Vencido o portão de ferro, a grama verde e alta, o grande quintal: a jabuticabeira no canto direito de quem entra, a casa ao fundo e na ala esquerda, a terra já virada para os futuros canteiros da horta que, aos poucos, começava a tomar forma. Jabuticabas aos montes, ali, agarradinhas ao caule da árvore-mãe, sombra e carinho. Não para ela, a pequena ave em sua busca alucinada pela cria caída do ninho.
Durante toda a manhã, ela e o parceiro saltitaram e mergulharam em voos cegos por cada centímetro de nosso quintal. Busca desesperada, quase epilética. Num zap de olhar, localizei o filhote tentando um voo desajeitado, horizontal, sem domínio nem direção. Tentei pegá-lo com a toalha retirada do varal. Nada. A cada tentativa, nova fuga em voo horizontal. E assim, o frágil filhote desengonçado sumiu por entre os galhos e folhas verdes do pé de erva-cidreira. Ao final da tarde, o casal de pássaros como veio se foi.
Durante os dias que se seguiram, os dois continuaram o mesmo ritual. A mesma procura e determinação: ele sobre o muro, espreitando; ela saltitando por entre as plantas, na grama, revirando a terra dos canteiros de nossa horta imaginária.
Por décadas – e ainda hoje – carrego em mim as cenas daquele drama e dos cânticos/chamados da dupla no coração de nosso quintal.

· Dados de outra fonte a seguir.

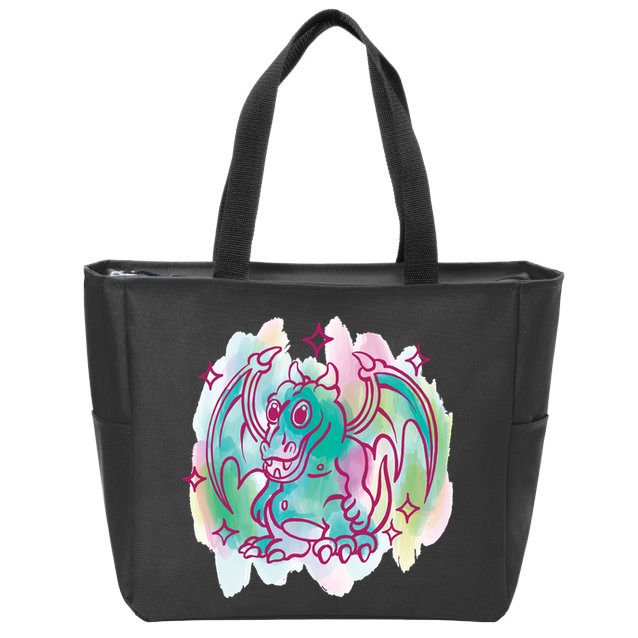 Watercolor Dragon Zip Tote Bag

Busca desesperada movida por um amor especial, sobre-humano. Ritual de busca e despedida da cria que jamais viriam reencontrar.
……
Tempos depois, deixei a casa, a família e a pequena cidade esquecida no interior paulista.
Ficaram comigo algumas imagens desbotadas como a parede caiada do imenso quintal.
Por ritual ou necessidade afetiva, ainda hoje acredito que, todas as manhãs, aquele pequenino casal retorna esperançoso ao mesmo quintal e lá permanece até o cair da tarde, à espera.
O mato tomou conta dos canteiros, da horta inacabada, do pé de jabuticaba, da casa, do quintal, de tudo.